PROCEEDINGS OF THE SOCIETY FOR PSYCHICAL RESEARCH - 1886-1887, Volume 4
Book Details + Condition: Trubner and Co. (London). First Edition, 1887. Hardcover. 605 pages, with Index to front. Illustrated. Scarce first edition, original copy of PROCEEDINGS OF THE SOCIETY OF PSYCHICAL RESEARCH from 1886-87. Publisher's original green cloth boards with gilt title, etc. to spine. Contents of this volume include: Experiments in Muscle-Reading and Thought Transference; Human Personality and Hypnotic Suggestion; Spiritualistic Phenomena Witnessed by the Author, Professor W.F. Barrett, Spiritism Phenomena; Calculus of Probabilities Applied to Psychical Research; Experiments in Thought Transference; Accounts of Spiritualistic Seances; Experiments in Automatic Writing; and much more. Notable contributing authors include: Frank Podmore, Edmund Gurney, F.W.H. Myers, Richard Hodgson, Balfour Stewart, W.F. Barrett and others. This volume includes a series of publications by S.J. Davey, Hodgson and Sidgwick that exposed the slate writing tricks of the medium William Eglinton. Hodgson with his friend, S.J. Davey had staged fake séances for educating the public. Davey gave sittings under an assumed name, duplicating the phenomena produced by Eglinton, and then proceeded to point out to the sitters the manner in which they had been deceived. Because of this, some spiritualist members such as Stainton Moses resigned from the SPR. Please see our other listings for more first editions of THE SOCIETY OF PSYCHICAL RESEARCH, as well as information about the organization below. In very good condition, with firm binding; lightly rubbed corners and edges; light foxing to first and last few pages; top corner of title & Contents pages torn off; interior is clean and free of markings.
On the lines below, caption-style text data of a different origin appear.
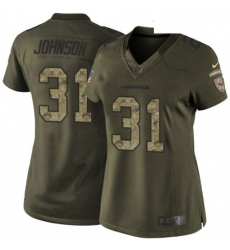 Womens Nike Arizona Cardinals 31 David Johnson Elite Green Salute to Service NFL Jersey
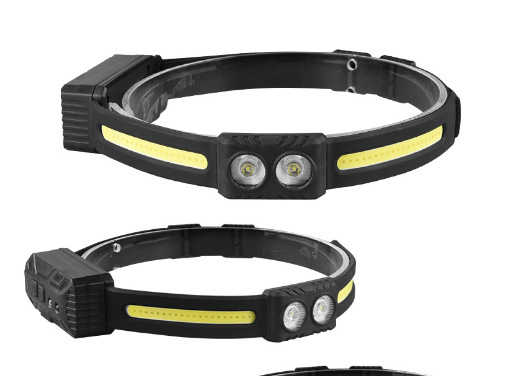 Külső LED fejlámpa kézi dinamóval történő töltéssel, alumínium ötvözet test, akkumulátor-kapacitás 2000–5000 mAh, hatótáv 200–500 m, teljesítmény 10000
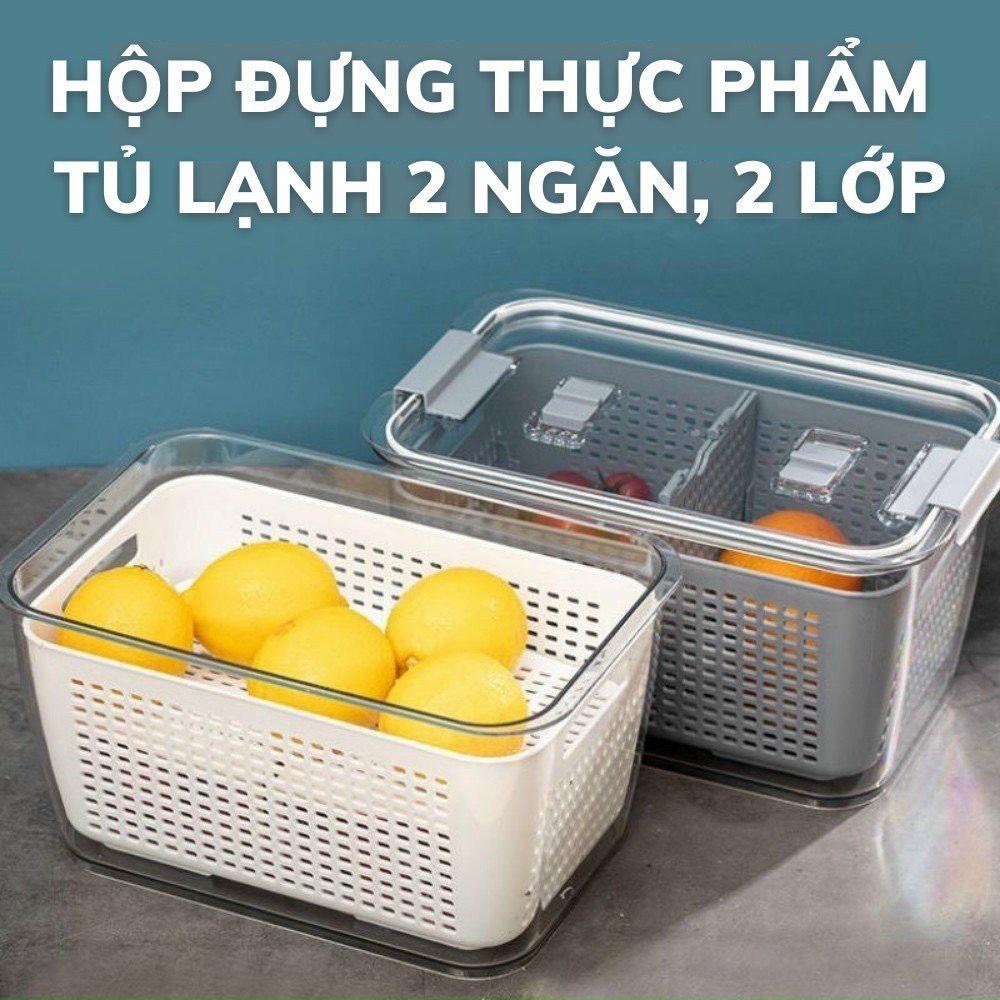 Hộp Nhựa TO Đựng Thực Phẩm Tủ Lạnh 2 Lớp Có Lỗ Thoát Nước Khóa Thoát Khí Dễ Dàng Bảo Quản Rau Củ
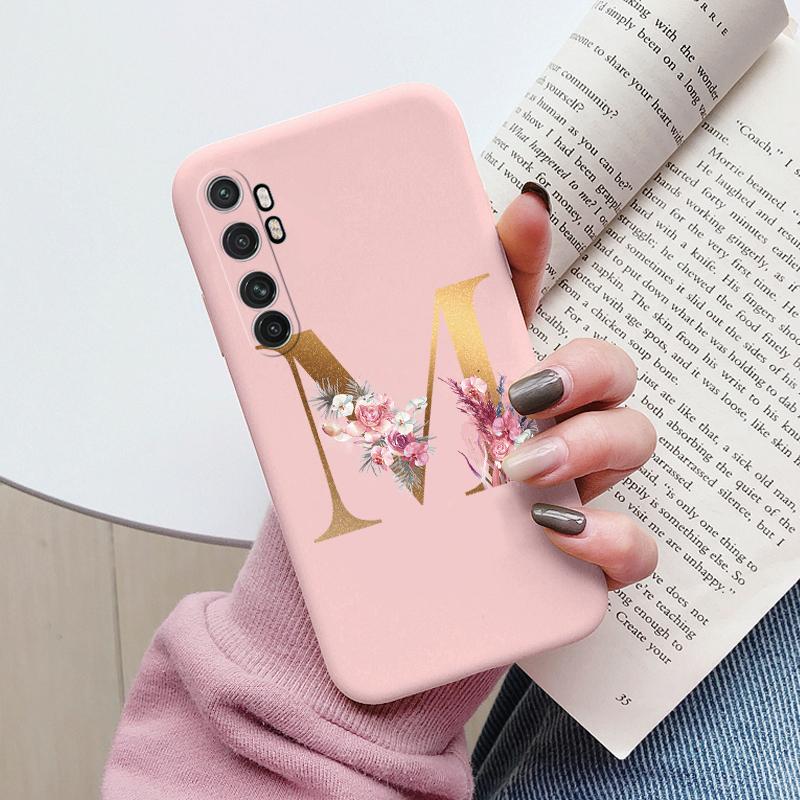 Letter Case For Xiaomi Mi Note 10 Lite Back Cover Retro Flowers Pink Black Soft TPU Initial Fundas For Xiaomi Note10 Lite Coque
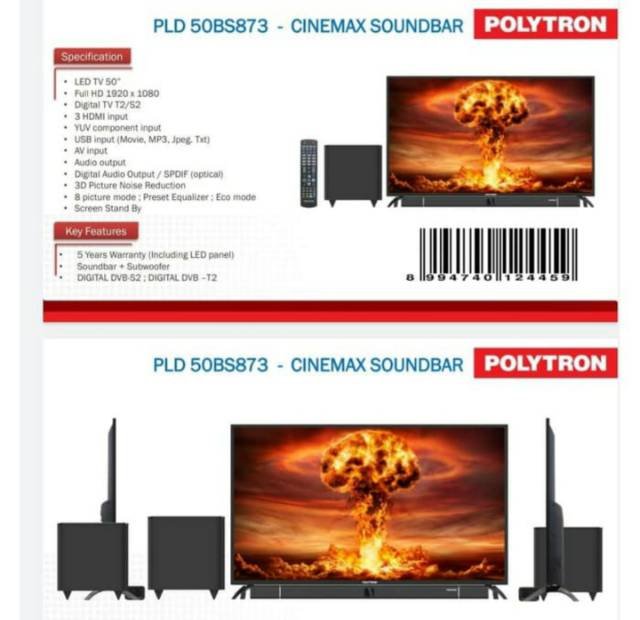 polytron cinemax soundbar 50 inch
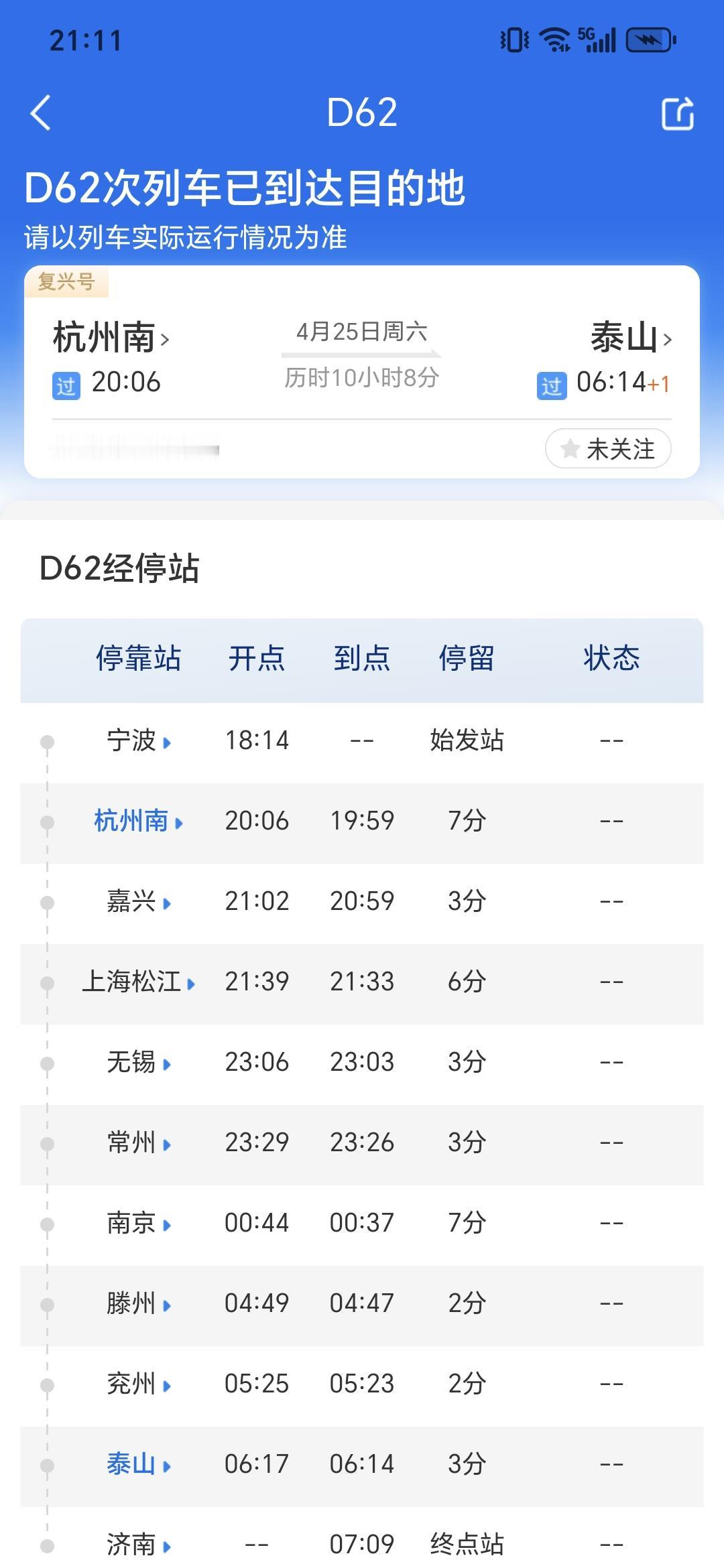 泰山已爬，山东已回。D62次列车，夕发朝至，一觉起来就可以到泰山。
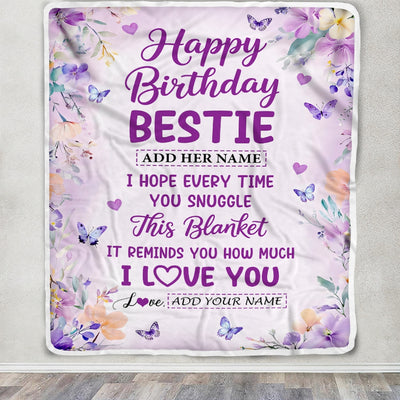 Personalized Happy Birthday Bestie Gifts From Best Friend Blanket I Love You Purple Floral Birthday Gift Idea For Soul Sister Gifts Customized Fleece Blanket | teecentury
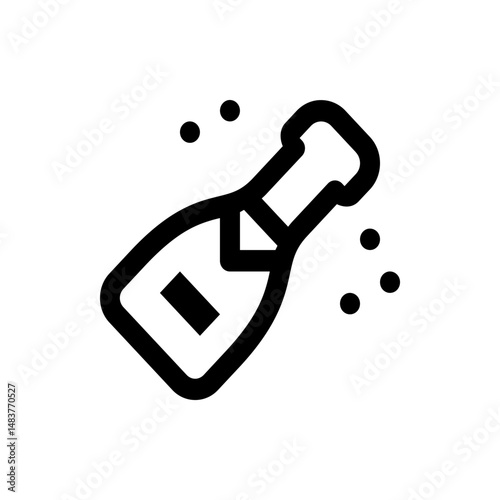 Illustration of a champagne bottle with popping bubbles in a simple black and white outline design style
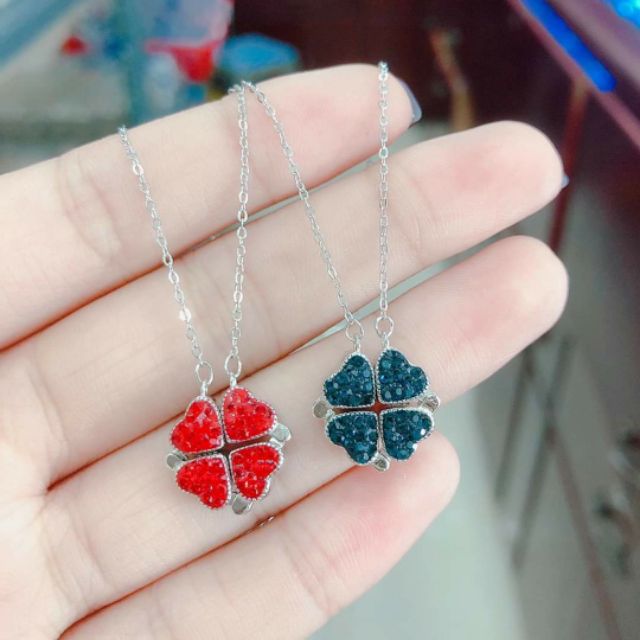 DÂY CHUYỀN MẶT CỎ 4 LÁ ĐÍNH ĐÁ BẠC XI KIM CỰC HOT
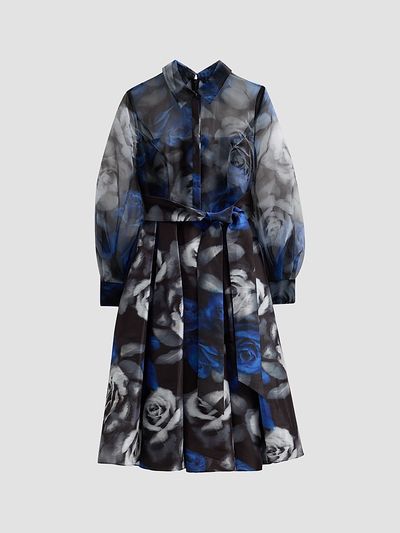 Theia Women's Agatha Floral Organza Shirtdress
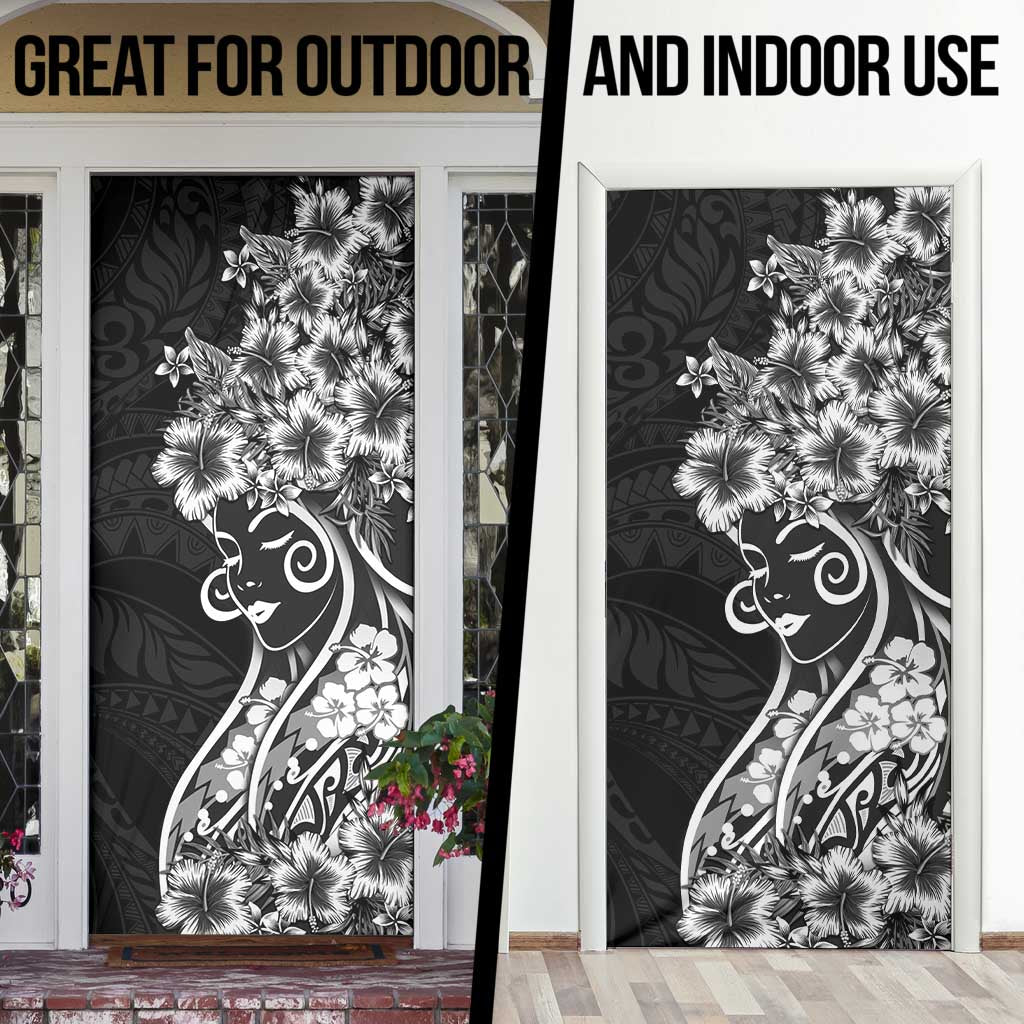 Polynesian Women's Day Door Cover Black Hibiscus Flowers With Polynesian Pattern LT05 - Polynesian Pride
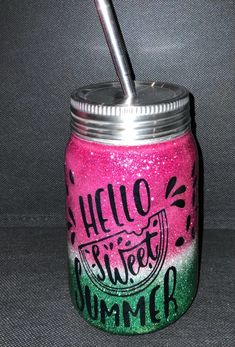 Hello Summer Mason Jar - CountryFide Custom Accessories and Outdoors Mason Jar Tumbler, Plastic Straw, Hello Summer, Resin Crafts, Mason Jar, Epoxy Resin, Custom Accessories, Mason Jars, Dishwasher Safe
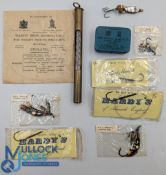 Period Hardy Bros Fishing Thermometer, with Hardy flies, line hooks, empty tin and mother of pearl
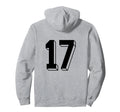 Number 17 Backside 80S 90S Team Jersey Hoodie - Novelty Apparel for Adults - T-Shirt, Sweatshirt, Hoodie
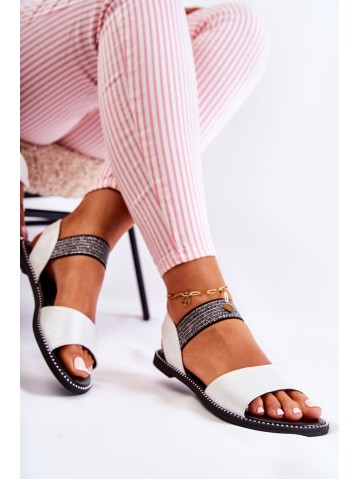 Classic Leather Sandals With Studs Silver Shelly 2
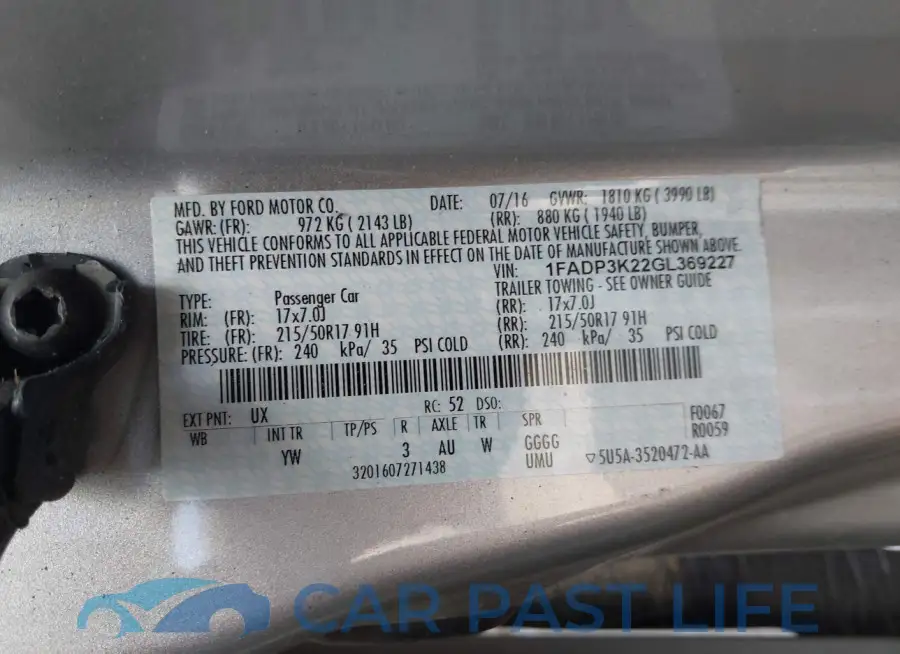 1FADP3K22GL369227# 9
The Society for Psychical Research was created in 1882, with Henry Sidgwick serving as its first president. Its stated purpose was to apply scientific methods to the investigation of psychic phenomena and the paranormal. Areas of study included hypnotism, dissociation, thought-transference, mediumship, spirit possession, apparitions and haunted houses and the physical phenomena associated with séances. The SPR were the first to introduce a number of neologisms which have entered the English language, such as 'telepathy', which was coined by Frederic Myers. Much of the early work involved investigating, exposing and in some cases duplicating fake phenomena. Among its most renowned members were Sir Arthur Conan Doyle, Harry Price, and William T. Stead.